Strona:John Galsworthy - Święty.pdf/319

Z Wikiźródeł, wolnej biblioteki
Ta strona została przepisana.

— To bardzo dzielnie i pięknie.
— O, nie. Mus, to wielki pan — oto i wszystko. Nie rezygnuję dobrowolnie ze szczęścia. To do mnie całkiem niepodobne. Nie wiem, co się ze mną stanie, ale możesz być pewny, że nic lepszego ze mnie nie będzie. Rezygnuję, bo mi nic innego nie pozostaje, a ty wiesz dlaczego. Gdzie jest Nolli?
— Nad morzem z Jerzym i z Gracją.
Patrzył na nią w zdziwieniu; bolesny, a zakłopotany wyraz jego oczu rozgniewał ją.
— Widzę, że dom jest do wynajęcia. Ktoby przypuścił, że taki dzieciak wyważy z posad dwa przedpotopowe głazy, jak my? Nie przejmuj się tem Edwardzie, ale w naszych żyłach płynie ta sama krew. Każde z nas będzie walczyło do ostatka na swój sposób. Dokąd ty idziesz?
— Przypuszczam, że dostanę posadę kapelana polowego na wschodzie.
Przez jedną chwilę przebiegi Leili przez myśl szaleńczy pomysł:
— Czy mam się zaofiarować, że pójdę z nim, że pójdziemy razem jak dwa bezdomne psy?
— Coby się było stało, Edwardzie, gdybyś mi się był oświadczył wtedy przed laty w maju, kiedy byliśmy — odrobinkę zakochani? Dla którego z nas byłoby gorzej, dla ciebie, czy.dla mnie?
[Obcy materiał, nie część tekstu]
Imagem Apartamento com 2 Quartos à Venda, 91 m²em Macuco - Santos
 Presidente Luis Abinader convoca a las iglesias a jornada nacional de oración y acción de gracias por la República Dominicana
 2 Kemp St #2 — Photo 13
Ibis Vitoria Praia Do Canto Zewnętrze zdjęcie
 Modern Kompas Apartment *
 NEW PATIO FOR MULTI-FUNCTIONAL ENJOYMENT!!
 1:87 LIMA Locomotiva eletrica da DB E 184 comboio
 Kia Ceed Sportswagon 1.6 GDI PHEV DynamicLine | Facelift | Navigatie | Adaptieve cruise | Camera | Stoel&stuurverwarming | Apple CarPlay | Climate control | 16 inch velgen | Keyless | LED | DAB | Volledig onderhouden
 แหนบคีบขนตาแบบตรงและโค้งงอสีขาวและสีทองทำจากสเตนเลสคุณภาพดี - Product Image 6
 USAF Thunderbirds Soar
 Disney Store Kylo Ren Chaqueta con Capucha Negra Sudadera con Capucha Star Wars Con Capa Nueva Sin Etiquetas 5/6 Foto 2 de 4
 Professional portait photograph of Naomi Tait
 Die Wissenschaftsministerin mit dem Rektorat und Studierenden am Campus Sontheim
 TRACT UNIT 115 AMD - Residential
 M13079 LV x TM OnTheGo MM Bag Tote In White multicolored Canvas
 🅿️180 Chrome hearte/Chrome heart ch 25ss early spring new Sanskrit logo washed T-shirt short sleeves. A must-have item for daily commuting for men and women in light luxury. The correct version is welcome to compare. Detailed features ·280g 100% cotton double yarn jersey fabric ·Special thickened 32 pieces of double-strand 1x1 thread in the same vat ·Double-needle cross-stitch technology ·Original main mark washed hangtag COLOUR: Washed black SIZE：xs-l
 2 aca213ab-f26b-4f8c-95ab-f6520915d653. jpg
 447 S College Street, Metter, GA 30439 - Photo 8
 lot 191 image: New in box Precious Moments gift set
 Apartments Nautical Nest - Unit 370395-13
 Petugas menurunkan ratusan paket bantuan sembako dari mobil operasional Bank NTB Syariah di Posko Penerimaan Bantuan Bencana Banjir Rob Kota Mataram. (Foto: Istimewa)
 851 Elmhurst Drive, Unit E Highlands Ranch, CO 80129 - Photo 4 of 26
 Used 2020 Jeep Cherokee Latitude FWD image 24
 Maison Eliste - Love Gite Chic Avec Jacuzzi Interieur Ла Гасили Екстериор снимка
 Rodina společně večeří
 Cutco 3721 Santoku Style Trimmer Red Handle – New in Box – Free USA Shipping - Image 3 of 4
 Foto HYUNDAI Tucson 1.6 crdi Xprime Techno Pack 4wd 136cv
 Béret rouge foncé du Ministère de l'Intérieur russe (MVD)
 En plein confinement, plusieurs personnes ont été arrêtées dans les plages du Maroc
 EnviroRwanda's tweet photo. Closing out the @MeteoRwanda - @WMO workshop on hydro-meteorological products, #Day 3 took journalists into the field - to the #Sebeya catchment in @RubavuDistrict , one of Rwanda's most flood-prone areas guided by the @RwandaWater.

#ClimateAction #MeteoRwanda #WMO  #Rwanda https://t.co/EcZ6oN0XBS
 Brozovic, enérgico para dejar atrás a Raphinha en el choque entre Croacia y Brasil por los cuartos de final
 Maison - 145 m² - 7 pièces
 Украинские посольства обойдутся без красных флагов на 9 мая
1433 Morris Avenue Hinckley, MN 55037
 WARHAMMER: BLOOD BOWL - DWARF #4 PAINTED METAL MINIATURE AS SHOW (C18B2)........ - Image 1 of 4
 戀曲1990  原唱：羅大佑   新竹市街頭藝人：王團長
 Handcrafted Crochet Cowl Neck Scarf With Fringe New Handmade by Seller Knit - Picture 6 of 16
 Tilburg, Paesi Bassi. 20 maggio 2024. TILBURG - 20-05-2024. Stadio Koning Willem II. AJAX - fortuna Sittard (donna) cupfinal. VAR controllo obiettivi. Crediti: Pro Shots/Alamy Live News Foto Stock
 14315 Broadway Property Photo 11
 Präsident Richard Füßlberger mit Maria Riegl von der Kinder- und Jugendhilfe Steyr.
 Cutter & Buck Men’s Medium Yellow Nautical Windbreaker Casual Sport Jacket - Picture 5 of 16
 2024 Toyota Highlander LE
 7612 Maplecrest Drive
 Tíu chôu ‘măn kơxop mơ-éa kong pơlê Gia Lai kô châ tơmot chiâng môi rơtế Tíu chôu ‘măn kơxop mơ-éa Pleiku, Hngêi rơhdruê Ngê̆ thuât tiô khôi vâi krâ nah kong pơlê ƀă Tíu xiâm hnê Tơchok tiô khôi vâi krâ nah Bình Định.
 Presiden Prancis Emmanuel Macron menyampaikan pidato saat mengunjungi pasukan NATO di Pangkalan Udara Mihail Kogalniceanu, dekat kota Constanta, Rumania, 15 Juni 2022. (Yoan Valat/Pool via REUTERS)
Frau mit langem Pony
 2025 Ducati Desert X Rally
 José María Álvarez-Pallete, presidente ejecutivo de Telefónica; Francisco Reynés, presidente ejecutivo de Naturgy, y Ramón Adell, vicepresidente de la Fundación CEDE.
— Nie byłabyś mnie przyjęła, Leilo.
— Niewiadomo. Ale wtedy nie byłbyś nigdy stał się ani kapłanem, ani świętym.
— Nie używaj tego głupiego wyrazu. Gdybyś wiedziała...
— Wiem; widzę przecież, żeś się napół spalił żywcem; napół spalony, napół pogrzebany! No, masz za to swoją nagrodę, jakakolwiek ona jest, a ja mam swoją.